Characterization of nick binding and sealing by LIG1 Huntington’s disease-asssociated K845N variant at biochemical, structural, and single-molecule levels

DNA ligase 1 (LIG1) joins broken strand breaks and discriminates against nicks containing mismatch or oxidative damage. Huntington’s disease (HD)-associated mutation K845N in LIG1 gene has been predicted to be onset delaying and suppresses CAG repeat expansion. Yet, how this mutation impacts faithful nick sealing and efficient DNA binding by LIG1 remains unknown. Here, using biochemistry, X-ray crystallography, and total internal reflection fluorescence microscopy, we comprehensively characterized the impact of LIG1 HD-associated mutation at biochemical, structural, and single-molecule levels.
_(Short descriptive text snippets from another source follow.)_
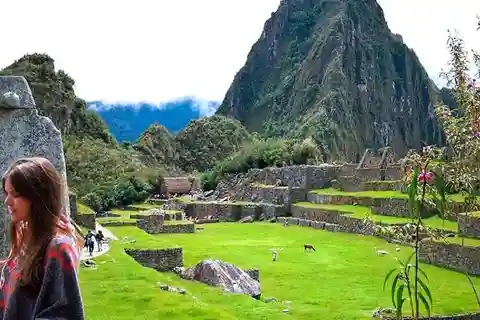 Machu Picchu Rundreise 3 Royal Route + Professioneller Tourguide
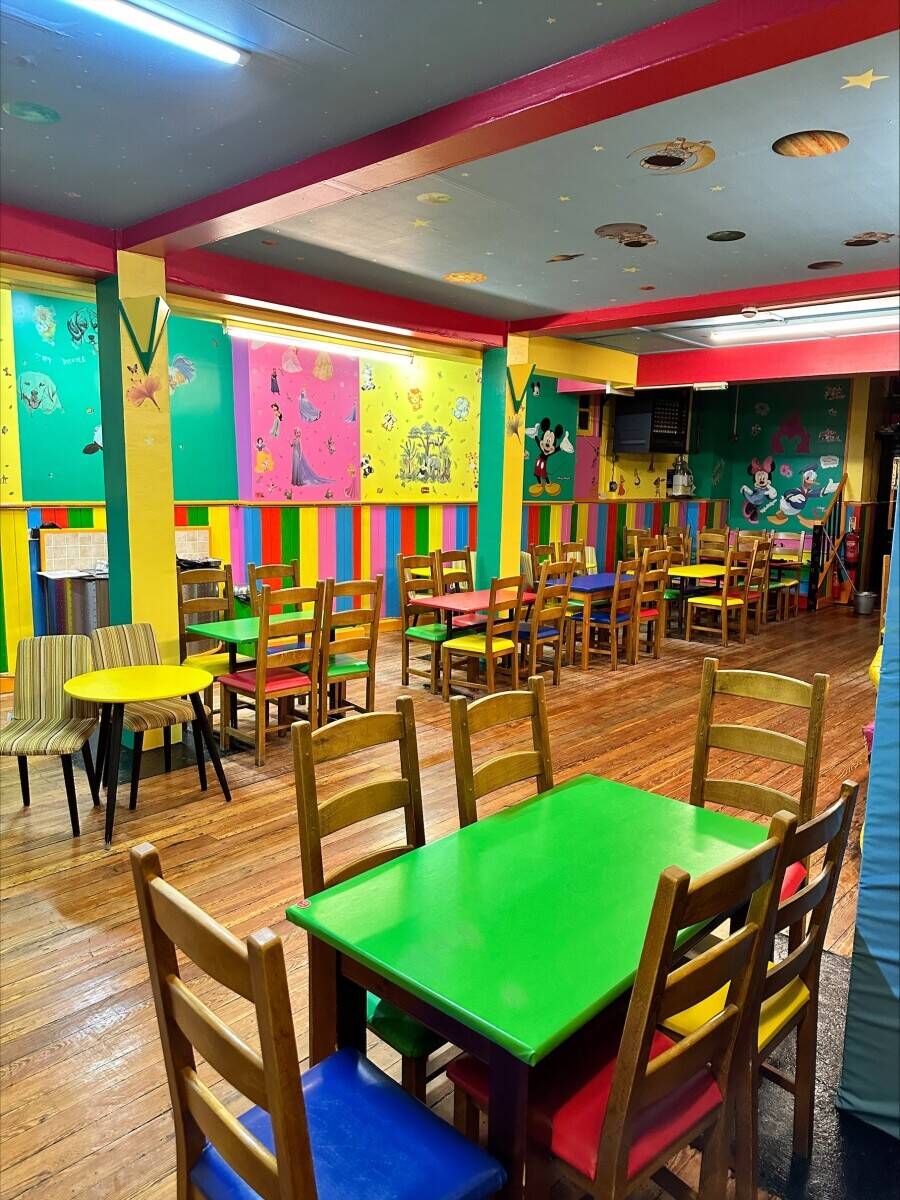 Busy Bistro/Pizzeria for Sale in Llangollen, A Prime Tourist Spot in North Wales Photo 5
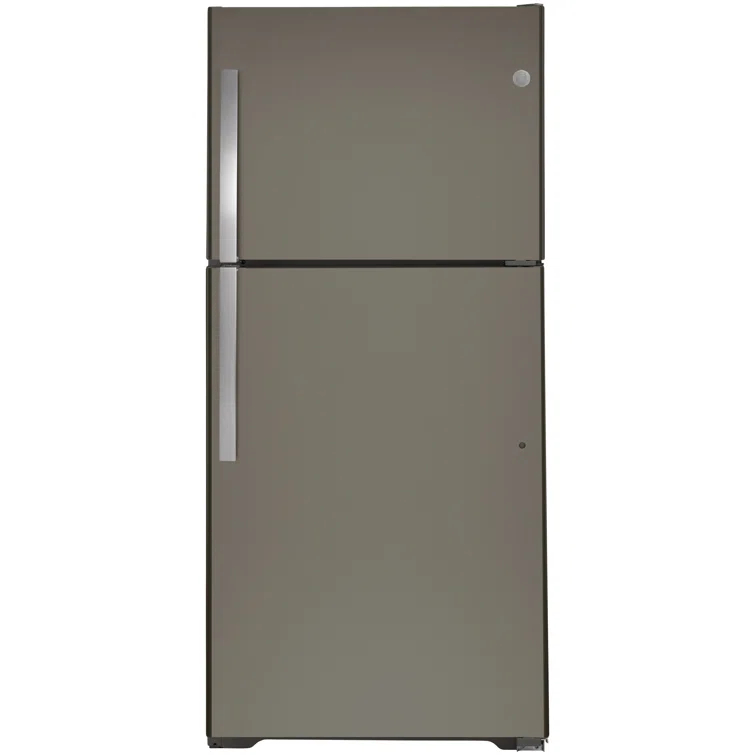 33" Top Freezer 21.9 cu. ft. Refrigerator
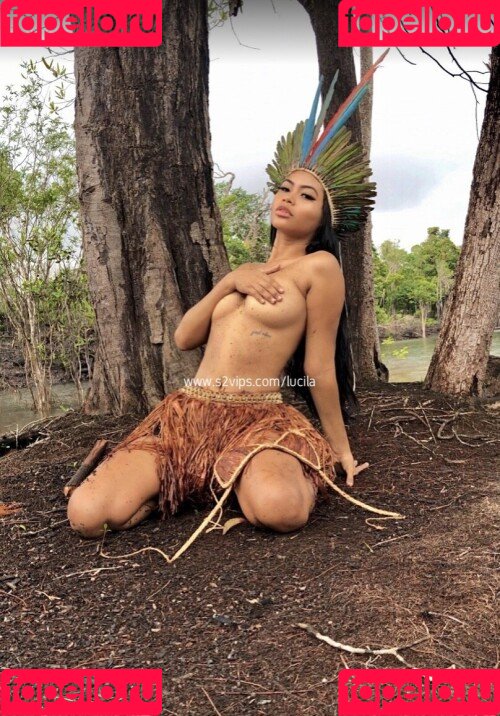 Lucila Melgueiro Onlyfans Photo Gallery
Our results showed a reduced ligation efficiency by LIG1 K845N variant in the presence of nick substrates containing all possible 12 mismatches, 8-oxoG, and ribonucleotides at the 3’-end when compared with the wild-type enzyme. Furthermore, our structures provided an atomic insight into differences in distances between the functional groups of K/N845 and DNA ends, demonstrating similar conformation and a lack of large scale alternations at the ligase active site. Finally, our single-molecule measurements in real-time revealed that K845N mutant binds less frequently for shorter life-time to nick DNA than wild-type protein. Overall findings contribute to understand the mechanism by which LIG1 ensures fidelity and nick binding to maintain genome stability at the final ligation step in normal versus disease states.